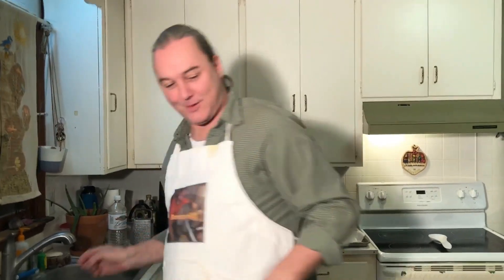Did I get any on you? No. Okay, try that. You got it on your light fixture. 3D.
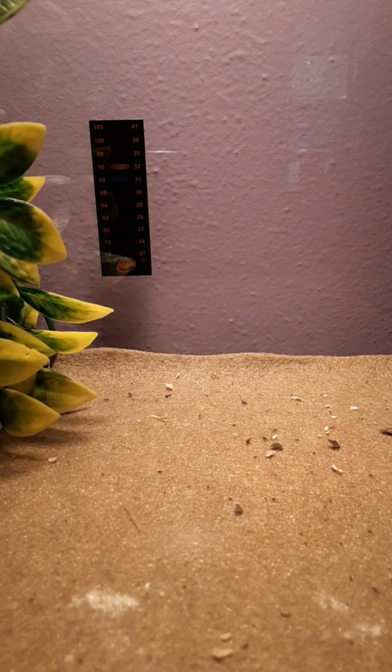He's a little more skittish. Should we just give him a bath in the bathtub?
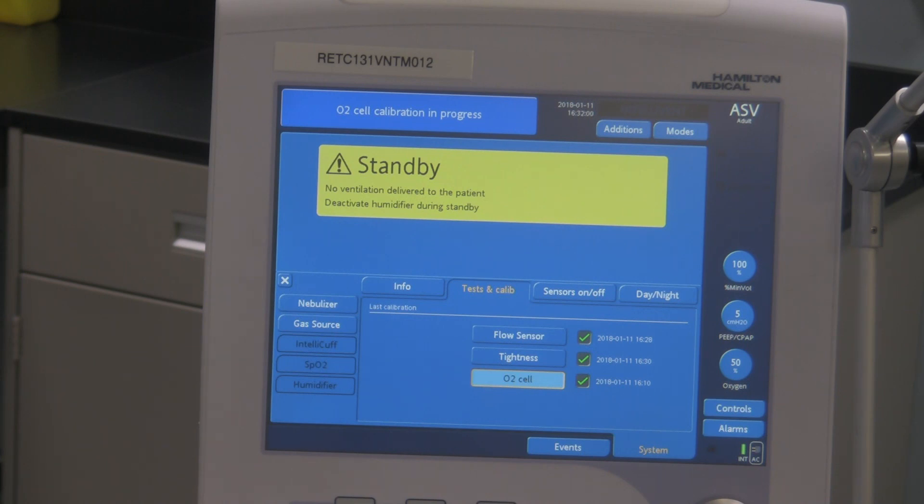Now we also have C2 ventilators as well. The C2 is a close relative of this ventilator here, but the Hamilton C2 ventilator is a transport ventilator, whereas this ventilator is not, per se, a transport ventilator.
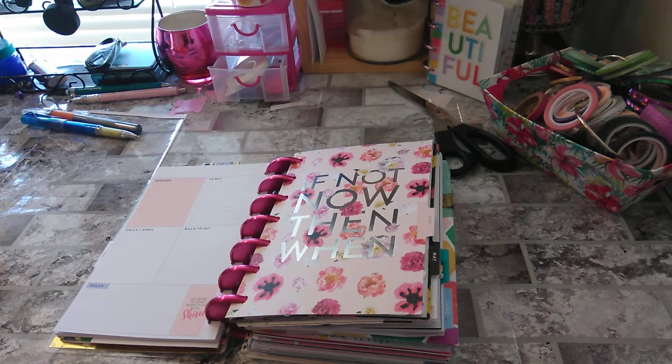Welcome to my channel, Planet with Maserati. I'm going to be doing a flip through of the month of April for the mini happy planner. I forgot to film this. So before we begin, I'd like to tell everybody welcome, please subscribe, hit that notification bell so you don't miss out on any new videos.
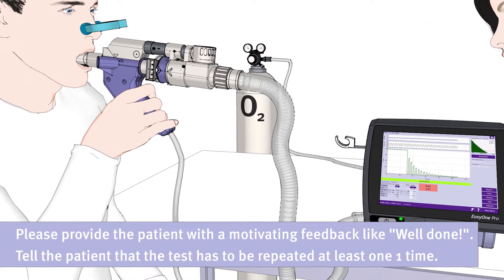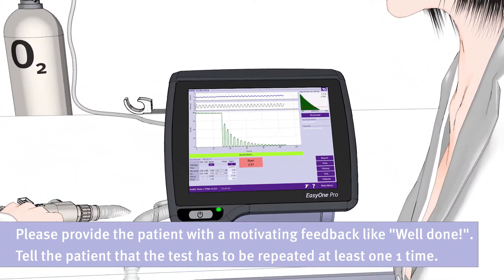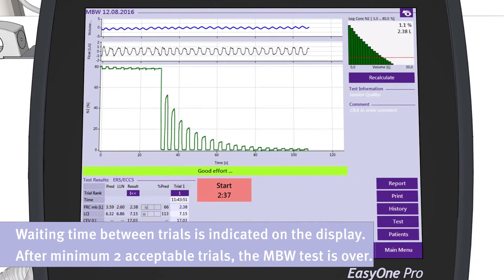Please provide the patient with motivating feedback like 'well done', and tell him that the test has to be repeated at least one more time. The waiting time between trials is indicated on the display. After a minimum of two acceptable trials, the MBW test is over.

· · ·

▸ **PROBLEM TO SOLVE**: Would you reproduce the lines above, from the very first through the line containing "Welcome to my", exactly and without the pictures?

▸ **EXERCISE ANSWER**:
Did I get any on you? No. Okay, try that. You got it on your light fixture. 3D.
He's a little more skittish. Should we just give him a bath in the bathtub?
Now we also have C2 ventilators as well. The C2 is a close relative of this ventilator here, but the Hamilton C2 ventilator is a transport ventilator, whereas this ventilator is not, per se, a transport ventilator.
Welcome to my channel, Planet with Maserati. I'm going to be doing a flip through of the month of April for the mini happy planner. I forgot to film this. So before we begin, I'd like to tell everybody welcome, please subscribe, hit that notification bell so you don't miss out on any new videos.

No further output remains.